SUPPLIED MATERIAL Block Start
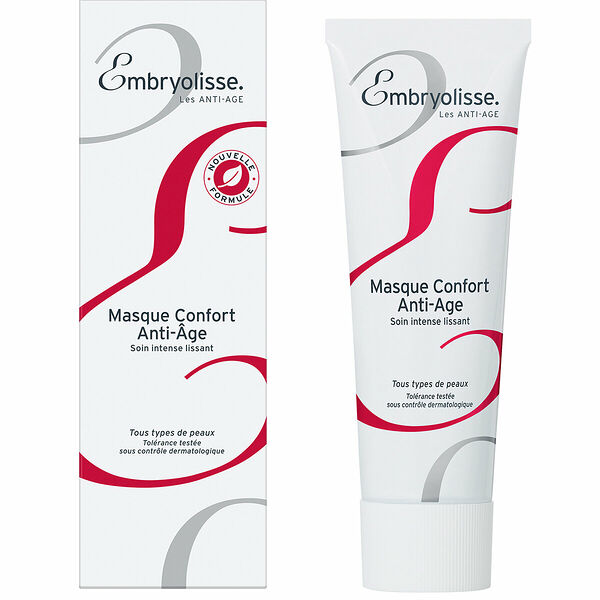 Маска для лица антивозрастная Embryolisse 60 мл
SUPPLIED MATERIAL Block End
SUPPLIED MATERIAL Block Start
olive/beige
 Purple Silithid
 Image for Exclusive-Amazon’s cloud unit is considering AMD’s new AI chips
SUPPLIED MATERIAL Block End
SUPPLIED MATERIAL Block Start
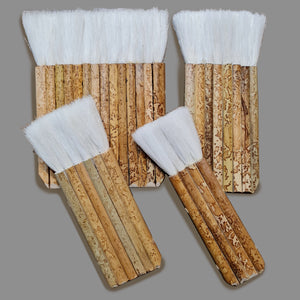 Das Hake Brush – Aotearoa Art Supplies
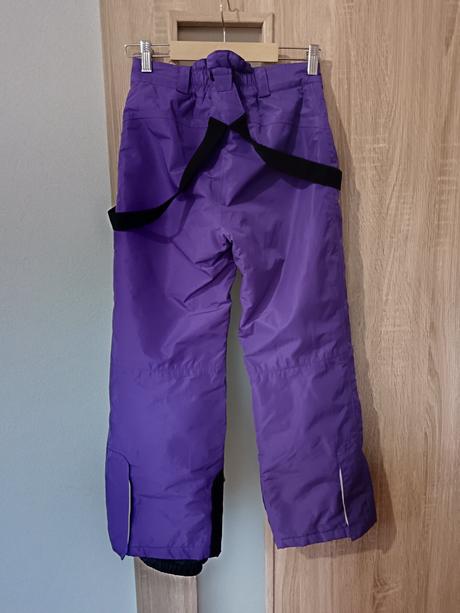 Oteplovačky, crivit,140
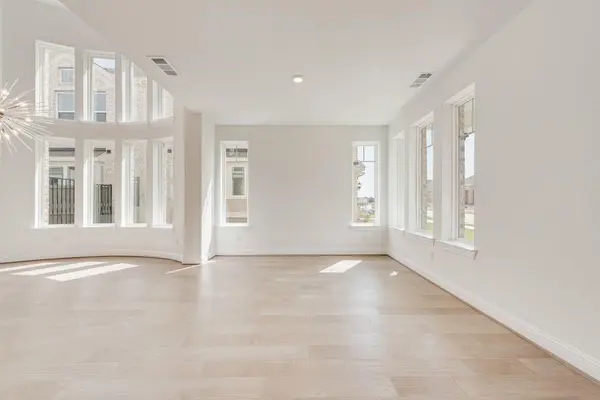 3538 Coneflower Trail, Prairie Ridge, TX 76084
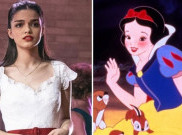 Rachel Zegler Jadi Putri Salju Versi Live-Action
SUPPLIED MATERIAL Block End
- WHAT YOU HAVE TO DO
Give again, exactly as written above, every line from the one holding "3538 Coneflower Trail, Prairie" to the one holding "Rachel Zegler Jadi", with both ends kept and the pictures left out.

- ANSWER SECTION
 3538 Coneflower Trail, Prairie Ridge, TX 76084
 Rachel Zegler Jadi Putri Salju Versi Live-Action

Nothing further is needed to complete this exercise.